Interviews, insight & analysis on digital media & marketing

Tim Ainsworth: The power of data radiation

Tim Ainsworth is Executive Director at McCann Experience, McCann Manchester and NDA’s new monthly columnist.

There is a famous phrase, credited in the New York Law Journal (1961), coined by FE Smith (the 1st Earl of Birkenhead) in response to a judge’s commen

Judge: I’ve listened to you for an hour and I’m none wiser. 
Smith: None the wiser, perhaps, my lord but certainly better informed.

So, marketers, are we better informed? It strikes me that this is largely not true of data in marketing effectiveness on the ground: the proliferation of what we can see hasn’t had a proportionate impact on what we do (as a consequence).

And, I’d like to posit that it’s largely because we have failed to reframe some of the challenges we face; the methods by which we choose to understand marketing remain broadly very linear and haven’t changed much in the last 20 years. It’s certainly the case – in my experience – that normalised broad brush methodologies mask some very powerful nuance within the data and that’s where the competitive advantage lies.

The mastery of this nuance lies in what I call data radiation: For the uninitiated, radiation is where heat is passed through the air via electromagnetic waves, commonly understood to look like it is spreading through “thin air” to other items. In marketing terms, we’re referencing a not uncommon methodology called nesting: the simple maths of combining seemingly unconnected data sets to understand potential cause/effect correlations and compound impacts, which in turn can be connected to form micro drivers of overall macro key leading indicators.

DO Sweat The Small Stuff.

The micro measures tend to move proportionately quicker, which means if you sweat the right small stuff right, the big stuff will magically course correct itself. So, knowing what to sweat is the key and getting some help from tech and AI can make it happen quickly, which pretty much anyone can do now with an open browser or – if we’re going old school – an excel spreadsheet.

So, ultimately, the power lies in looking at measures across the total branded ecosystem, aligning it to performance trajectories on brand health, which then can be connected to commercial performance: revenue, lifetime value etc. I’m not suggesting this is new, but it is generally underutilised outside of the big brands that have perhaps not had access to sophisticated econometric/attribution studies.

This method can be deployed in ways that enable brands to create their own brand ecosystem health methods without ever worrying about a parochial funnel. Simply bear these two key guides in mind…

Meaning: awareness is pretty meaningless. It is a benign measurement and banded around as an objective for every campaign I seem to come across, but a) brands without brand health monitoring can’t measure it and b) those with brand health monitoring measure its impact in an oversimplified funnel approach: it’s hard to translate that into commercial impact.

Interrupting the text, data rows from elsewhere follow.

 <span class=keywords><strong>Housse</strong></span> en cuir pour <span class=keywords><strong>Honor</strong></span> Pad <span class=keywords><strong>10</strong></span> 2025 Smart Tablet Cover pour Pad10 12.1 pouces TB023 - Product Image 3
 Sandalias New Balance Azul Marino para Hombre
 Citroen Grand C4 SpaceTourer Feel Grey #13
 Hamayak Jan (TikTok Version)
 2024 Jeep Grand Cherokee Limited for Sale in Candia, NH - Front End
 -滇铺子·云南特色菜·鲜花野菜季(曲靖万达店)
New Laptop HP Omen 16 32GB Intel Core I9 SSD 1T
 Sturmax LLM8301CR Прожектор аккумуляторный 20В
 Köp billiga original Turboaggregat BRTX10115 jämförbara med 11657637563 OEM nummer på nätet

So, why on earth would we ever have it as an objective?! The heat of awareness has to catch something else. Look to other measures such as reach, heat map connection points across the paid, owned and earned real estate, share of voice, impression share for markers of how visible the brand is in market. Awareness is a means to an end: what is it triggering?

Statistical Significance: Beware making decisions that aren’t backed by enough data points to reliably form a robust hypothesis across sufficiently long time series (no less than 12 weeks and compared over months). For instance, obsessing about social engagement monitoring data points under 100 is a nonsense: probably not a reliable marker of a market shift. Similarly, aggregated metrics at a national level might not be reliable when you drill down through a regional or local lens. Critically, you need to be seeing a correlation score of between 60-80%+ on some decent data volumes to see a reliable cause or effect emerge.

Ask New Questions

There’s a lot of talk in the sphere of marketing effectiveness on the power of certain elements within advertising to drive big business effects.

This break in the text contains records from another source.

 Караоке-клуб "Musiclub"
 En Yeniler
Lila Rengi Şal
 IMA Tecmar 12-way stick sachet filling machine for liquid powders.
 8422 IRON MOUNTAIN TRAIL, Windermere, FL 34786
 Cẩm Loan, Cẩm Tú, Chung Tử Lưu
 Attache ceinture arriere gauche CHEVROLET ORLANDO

Remember, your whole business is your brand: the collective total experience an audience has with your business is the value of your brand and vice versa: the map of meaning connected together by the clients and customers you’re hunting/serving. So, your brand health has to be made up of much richer data sets across the brand’s value chain and across those glorious 7 Ps of marketing.

Go hunting across every touchpoint, load in the measures and start looking for those connections; sniffing out the seemingly unrelated. That’s how challenger brands such as Octopus Energy outpaced the likes of British Gas in the energy category: they just had their fingers on the pulse of a tonne more data points across their business and the customer and turned that into value.

How else will you outpace your market leader in 2025?